======== Given information ========

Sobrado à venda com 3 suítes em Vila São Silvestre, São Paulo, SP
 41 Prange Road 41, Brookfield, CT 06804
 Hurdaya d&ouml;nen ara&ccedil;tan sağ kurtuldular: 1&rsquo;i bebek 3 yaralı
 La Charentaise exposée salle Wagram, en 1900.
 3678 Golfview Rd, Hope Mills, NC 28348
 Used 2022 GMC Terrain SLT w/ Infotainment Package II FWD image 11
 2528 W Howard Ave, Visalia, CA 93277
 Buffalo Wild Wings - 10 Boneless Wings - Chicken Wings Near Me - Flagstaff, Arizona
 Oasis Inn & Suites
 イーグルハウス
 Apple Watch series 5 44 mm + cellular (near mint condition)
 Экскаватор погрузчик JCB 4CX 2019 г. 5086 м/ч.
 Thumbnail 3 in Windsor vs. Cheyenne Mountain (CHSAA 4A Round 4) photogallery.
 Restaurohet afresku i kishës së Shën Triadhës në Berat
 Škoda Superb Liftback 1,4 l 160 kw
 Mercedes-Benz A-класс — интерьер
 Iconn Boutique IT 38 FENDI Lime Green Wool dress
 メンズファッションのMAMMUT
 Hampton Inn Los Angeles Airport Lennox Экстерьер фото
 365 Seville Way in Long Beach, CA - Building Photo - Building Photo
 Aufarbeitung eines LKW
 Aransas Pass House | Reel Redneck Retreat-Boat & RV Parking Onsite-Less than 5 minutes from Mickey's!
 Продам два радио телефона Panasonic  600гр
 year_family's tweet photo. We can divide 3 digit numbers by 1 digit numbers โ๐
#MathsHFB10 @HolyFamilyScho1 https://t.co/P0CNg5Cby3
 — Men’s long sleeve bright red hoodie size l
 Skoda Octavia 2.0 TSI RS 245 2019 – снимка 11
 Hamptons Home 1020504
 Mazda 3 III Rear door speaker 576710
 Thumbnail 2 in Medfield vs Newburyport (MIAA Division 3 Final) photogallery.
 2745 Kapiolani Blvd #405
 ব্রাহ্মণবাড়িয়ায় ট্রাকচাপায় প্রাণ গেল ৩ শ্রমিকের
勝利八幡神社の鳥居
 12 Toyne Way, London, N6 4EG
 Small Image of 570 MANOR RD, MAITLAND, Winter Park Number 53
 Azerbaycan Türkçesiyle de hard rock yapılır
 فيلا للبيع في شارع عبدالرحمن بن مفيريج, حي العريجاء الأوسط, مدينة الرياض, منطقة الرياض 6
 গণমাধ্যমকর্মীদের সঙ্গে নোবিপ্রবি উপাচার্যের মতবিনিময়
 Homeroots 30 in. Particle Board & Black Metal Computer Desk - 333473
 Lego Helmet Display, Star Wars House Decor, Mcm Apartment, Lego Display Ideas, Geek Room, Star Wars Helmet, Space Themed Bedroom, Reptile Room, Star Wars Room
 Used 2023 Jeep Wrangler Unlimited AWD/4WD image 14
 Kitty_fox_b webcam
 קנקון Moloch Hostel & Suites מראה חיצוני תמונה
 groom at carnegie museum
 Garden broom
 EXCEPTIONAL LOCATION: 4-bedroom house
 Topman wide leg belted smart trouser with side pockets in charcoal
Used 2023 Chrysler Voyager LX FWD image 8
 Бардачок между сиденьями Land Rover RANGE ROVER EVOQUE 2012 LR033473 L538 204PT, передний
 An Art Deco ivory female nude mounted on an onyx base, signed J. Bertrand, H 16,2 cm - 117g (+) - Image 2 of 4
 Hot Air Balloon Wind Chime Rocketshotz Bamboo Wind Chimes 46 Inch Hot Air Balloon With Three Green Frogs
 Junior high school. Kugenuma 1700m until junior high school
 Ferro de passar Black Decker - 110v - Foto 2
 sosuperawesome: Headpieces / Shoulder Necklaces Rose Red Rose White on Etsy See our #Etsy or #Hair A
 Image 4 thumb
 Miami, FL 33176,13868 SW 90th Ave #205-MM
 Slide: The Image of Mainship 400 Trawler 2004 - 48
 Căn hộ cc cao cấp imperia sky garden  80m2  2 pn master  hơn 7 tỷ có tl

========

■ **Problem**:
Go through the records above, find each line with the string "Used", and copy it.

■ **Response for this exercise**:
 Used 2022 GMC Terrain SLT w/ Infotainment Package II FWD image 11
 Used 2023 Jeep Wrangler Unlimited AWD/4WD image 14
Used 2023 Chrysler Voyager LX FWD image 8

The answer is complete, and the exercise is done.